Comment la mobilité intérieure pourrait-elle, dans ces conditions, avoir des limites ?
Je ne conçois la mobilité et le dynamisme qu’à propos de problèmes et de vécus centraux, qui ne peuvent pas être liquidés aisément, parce qu’ils dérivent d’une immanence et d’une substantialité intérieures. Les limites de la mobilité se situent dans l’essence et l’irréductibilité de ces thèmes, auxquels nous devons participer totalement. C’est une modalité qualitative, qui se rapporte presque uniquement à l’intensité, à l’absolu du vécu en tant que tel. Pour cette raison, j’apprécie infiniment plus l’homme qui a vécu l’absolu de l’amour ou du désespoir que celui qui a parcouru en aventurier les domaines de la vie. Je n’ai que mépris pour les voyageurs de l’esprit, qui ne peuvent vivre qu’en spatialisant, pour tous ceux qui n’ont pas dépassé une appréhension géographique de la vie et de l’esprit. Je ne trouve rien de plus détestable que la modalité purement extérieure, assimilable à un impérialisme. En comparaison, le chaos intérieur se révèle plein de valeur et de fécondité.
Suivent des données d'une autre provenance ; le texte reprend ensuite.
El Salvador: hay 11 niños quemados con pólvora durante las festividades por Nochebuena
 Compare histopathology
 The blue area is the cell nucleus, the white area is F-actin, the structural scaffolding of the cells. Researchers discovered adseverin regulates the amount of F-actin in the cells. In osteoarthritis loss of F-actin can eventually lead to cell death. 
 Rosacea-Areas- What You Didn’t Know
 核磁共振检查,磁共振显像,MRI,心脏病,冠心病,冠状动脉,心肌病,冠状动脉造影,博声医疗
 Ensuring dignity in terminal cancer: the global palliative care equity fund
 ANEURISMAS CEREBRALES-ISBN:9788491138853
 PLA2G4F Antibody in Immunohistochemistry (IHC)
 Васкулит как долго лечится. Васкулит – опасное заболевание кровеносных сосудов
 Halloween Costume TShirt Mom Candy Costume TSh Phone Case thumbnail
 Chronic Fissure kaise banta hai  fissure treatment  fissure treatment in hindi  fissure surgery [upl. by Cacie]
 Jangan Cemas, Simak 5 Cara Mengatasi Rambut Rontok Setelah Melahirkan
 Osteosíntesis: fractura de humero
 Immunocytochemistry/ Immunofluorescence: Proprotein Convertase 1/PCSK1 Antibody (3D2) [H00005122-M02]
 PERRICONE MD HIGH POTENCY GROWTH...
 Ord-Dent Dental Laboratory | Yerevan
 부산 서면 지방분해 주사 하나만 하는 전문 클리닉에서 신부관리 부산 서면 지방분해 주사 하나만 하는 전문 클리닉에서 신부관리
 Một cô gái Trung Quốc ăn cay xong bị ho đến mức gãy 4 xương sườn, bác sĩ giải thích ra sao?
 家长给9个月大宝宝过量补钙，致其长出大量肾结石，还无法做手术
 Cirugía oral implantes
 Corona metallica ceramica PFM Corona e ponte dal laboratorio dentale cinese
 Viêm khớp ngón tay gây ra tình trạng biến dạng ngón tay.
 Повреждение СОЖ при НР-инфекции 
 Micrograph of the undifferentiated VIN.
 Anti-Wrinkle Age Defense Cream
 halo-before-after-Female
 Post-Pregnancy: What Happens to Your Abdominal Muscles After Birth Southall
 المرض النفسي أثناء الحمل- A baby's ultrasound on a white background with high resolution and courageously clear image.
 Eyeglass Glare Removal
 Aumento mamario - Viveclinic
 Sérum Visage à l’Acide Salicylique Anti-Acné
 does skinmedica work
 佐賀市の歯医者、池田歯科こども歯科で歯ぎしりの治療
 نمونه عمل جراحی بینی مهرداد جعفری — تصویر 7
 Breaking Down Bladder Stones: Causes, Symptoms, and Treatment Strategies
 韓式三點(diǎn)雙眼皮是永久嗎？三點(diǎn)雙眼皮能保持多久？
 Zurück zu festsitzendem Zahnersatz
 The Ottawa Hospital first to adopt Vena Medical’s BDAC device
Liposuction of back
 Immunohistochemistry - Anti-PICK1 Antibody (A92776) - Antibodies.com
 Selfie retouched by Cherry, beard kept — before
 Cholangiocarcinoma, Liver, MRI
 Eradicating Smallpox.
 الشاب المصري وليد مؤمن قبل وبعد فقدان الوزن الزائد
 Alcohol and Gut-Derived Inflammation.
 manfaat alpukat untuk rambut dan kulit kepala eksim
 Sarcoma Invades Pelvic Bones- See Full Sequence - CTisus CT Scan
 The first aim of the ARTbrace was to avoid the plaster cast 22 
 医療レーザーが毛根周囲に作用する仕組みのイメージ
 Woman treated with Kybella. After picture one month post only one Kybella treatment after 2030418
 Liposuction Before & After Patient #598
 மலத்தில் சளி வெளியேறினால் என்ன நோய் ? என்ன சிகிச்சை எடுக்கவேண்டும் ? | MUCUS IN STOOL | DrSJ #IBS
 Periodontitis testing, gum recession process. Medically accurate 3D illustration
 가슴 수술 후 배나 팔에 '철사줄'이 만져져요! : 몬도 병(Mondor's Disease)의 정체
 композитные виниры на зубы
Car il nous faudra bien avouer explicitement notre chaos intérieur et accepter totalement, si ce n’est définitivement, nos contradictions, sans nous réfugier lâchement dans un classicisme pour lequel nous n’avons pas de vocation. Et si nous ne préconisons pas un nouveau classicisme, c’est parce que nous avons le courage d’assumer notre folie.
Je suis le premier à déclarer que je suis un étourdi, un type chaotique et brouillon qui, s’il ne sait pas ce qu’il veut, le saura probablement un jour. Mais je ne cours pas les compromis, je ne recommande pas l’équilibre et je n’admire pas les formes. Écartelé entre le besoin de naïveté et la volupté du désespoir, de quel droit pourrais-je parler d’équilibre ? L’heure de la sincérité absolue n’a-t-elle pas sonné, l’heure de la sincérité qui ne redoute pas le chaos et l’incertitude et qui comprend, au contraire, qu’on ne peut s’en débarrasser qu’après les avoir vécus au paroxysme ? Si je vois des limites à l’extension de la mobilité intérieure, je n’en vois aucune à l’intensité, à l’ardeur de vivre. Mais les aventuriers de l’esprit ne comprendront rien à cette infinité intérieure.